The final substantive contribution in this issue is Ryan’s analysis of the gradual incorporation of the concept of integration into EU citizenship. In particular he looks at how over time this concept which began with positive connotations in Regulation 1612/68 as the expression of the entitlement of workers to the best possible conditions of integration has taken on more sinister characteristics. It has become, with some help from the Court of Justice, a stick with which to beat EU citizens. If they fail to integrate according to the standard set by the legislator they lose their rights or can be excluded from the acquisition of rights. The prize to which proof of integration is attached is security of residence—one of the most cherished rights of EU citizenship.
Two book reviews complement the articles of this special issue. Thym’s edited volume Questioning EU Citizenship: Judges and the Limits of Free Movement and Solidarity in the EU focuses on the interplay between laws regulating immigration, welfare rights and Union citizenship, by analysing political, legal and normative contestations of citizens’ rights in Europe. Finally, the edited volume by De Vries et al., EU Citizen’s Economic Rights in Action: Re-Thinking Legal and Factual Barriers in the Internal Market, discusses citizenship in the internal market in relation to the gap between rights within the internal market and exercise thereof in practice, the regressive impact of the economic crisis, and the challenges of the EU language diversity.
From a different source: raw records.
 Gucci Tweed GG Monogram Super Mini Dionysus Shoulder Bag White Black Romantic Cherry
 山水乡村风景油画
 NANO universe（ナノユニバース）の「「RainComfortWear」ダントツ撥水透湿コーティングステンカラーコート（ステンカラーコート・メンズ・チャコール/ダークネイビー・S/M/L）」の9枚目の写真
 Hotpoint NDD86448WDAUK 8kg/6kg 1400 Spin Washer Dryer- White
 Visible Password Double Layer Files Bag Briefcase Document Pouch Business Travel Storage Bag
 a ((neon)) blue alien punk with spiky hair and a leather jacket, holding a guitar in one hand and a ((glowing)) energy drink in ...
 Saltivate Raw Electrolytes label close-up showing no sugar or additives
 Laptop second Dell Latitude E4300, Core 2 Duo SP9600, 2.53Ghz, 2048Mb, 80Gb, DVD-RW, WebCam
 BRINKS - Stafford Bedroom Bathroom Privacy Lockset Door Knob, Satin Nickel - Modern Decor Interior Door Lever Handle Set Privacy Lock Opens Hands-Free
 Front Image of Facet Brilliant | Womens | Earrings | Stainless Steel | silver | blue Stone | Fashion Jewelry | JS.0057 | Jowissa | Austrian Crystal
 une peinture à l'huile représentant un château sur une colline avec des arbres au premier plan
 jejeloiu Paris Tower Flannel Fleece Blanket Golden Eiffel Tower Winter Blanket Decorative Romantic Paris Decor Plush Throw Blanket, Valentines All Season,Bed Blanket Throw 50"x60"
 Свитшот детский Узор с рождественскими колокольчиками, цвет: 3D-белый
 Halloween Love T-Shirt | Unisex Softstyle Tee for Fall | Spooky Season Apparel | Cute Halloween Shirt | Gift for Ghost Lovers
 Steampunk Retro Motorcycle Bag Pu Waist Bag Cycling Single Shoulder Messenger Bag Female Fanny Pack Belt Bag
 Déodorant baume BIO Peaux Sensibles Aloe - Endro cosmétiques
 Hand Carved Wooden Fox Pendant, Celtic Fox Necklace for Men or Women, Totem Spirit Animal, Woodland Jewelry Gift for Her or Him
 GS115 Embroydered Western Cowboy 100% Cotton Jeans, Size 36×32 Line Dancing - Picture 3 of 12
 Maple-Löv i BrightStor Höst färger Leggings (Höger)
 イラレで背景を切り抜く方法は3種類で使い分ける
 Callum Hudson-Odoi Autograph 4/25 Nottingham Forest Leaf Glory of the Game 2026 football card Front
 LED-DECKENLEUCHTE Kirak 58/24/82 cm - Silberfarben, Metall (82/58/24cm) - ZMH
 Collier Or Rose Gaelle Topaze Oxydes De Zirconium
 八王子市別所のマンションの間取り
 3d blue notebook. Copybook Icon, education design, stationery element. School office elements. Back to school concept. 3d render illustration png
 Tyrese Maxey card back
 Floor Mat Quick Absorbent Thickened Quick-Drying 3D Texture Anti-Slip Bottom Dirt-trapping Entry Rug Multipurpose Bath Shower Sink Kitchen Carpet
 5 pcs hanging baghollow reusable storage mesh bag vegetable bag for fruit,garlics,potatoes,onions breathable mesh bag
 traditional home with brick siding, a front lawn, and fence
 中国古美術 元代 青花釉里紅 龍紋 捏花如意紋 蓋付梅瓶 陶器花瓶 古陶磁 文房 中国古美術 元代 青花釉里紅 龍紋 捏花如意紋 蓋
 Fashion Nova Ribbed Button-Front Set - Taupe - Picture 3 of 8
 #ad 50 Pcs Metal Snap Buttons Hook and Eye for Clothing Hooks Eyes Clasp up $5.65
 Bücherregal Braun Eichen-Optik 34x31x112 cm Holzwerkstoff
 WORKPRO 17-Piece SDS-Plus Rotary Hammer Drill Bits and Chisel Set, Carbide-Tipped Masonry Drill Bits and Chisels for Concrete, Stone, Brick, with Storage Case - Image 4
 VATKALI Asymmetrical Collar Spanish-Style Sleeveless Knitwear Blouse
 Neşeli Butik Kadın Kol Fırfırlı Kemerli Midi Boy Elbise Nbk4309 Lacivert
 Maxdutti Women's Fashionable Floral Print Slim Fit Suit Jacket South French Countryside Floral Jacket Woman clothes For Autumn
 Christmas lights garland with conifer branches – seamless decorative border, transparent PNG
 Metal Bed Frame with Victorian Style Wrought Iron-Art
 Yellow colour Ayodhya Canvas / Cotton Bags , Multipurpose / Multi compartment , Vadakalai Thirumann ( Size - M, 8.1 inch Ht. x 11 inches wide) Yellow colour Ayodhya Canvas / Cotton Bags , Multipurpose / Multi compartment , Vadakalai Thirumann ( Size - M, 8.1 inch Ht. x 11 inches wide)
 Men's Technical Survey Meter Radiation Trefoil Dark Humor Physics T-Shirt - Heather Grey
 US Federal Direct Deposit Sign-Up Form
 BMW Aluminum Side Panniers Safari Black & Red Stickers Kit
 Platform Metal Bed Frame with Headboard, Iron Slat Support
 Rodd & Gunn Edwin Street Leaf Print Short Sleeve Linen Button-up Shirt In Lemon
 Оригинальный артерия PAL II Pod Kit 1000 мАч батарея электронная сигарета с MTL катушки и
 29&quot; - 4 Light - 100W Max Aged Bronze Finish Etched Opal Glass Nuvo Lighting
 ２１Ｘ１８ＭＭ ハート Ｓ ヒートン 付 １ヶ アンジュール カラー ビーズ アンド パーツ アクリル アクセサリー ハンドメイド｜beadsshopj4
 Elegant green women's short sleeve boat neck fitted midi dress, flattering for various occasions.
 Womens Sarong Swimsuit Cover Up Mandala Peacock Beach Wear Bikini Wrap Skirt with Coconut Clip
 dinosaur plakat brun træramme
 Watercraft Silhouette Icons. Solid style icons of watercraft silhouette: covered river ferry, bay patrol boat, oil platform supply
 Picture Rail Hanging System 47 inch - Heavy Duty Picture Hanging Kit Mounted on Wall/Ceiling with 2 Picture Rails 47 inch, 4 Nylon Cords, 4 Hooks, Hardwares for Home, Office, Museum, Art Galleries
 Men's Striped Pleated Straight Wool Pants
This special issue is the outcome of a Jean Monnet Centre of Excellence implemented by the Centre for Migration at the Radboud University in Nijmegen, the Netherlands and co-financed by the European Union under the Erasmus+ Programme.5 As part of its Centre of Excellence work programme, the CMR has monitored the implementation of Directive 2004/38 in the EU28 with a view to improve knowledge of national practices that affect the exercise of EU citizenship rights and organized several workshops to place the main findings from the national levels into wider EU developments relating to EU citizenship and mobility. We would like to acknowledge the work of the national experts in assessing implementation of Directive 2004/38. Equally, we would like to thank our colleague academics, practitioners and civil society representatives who have joined our workshops and generously shared their knowledge with us.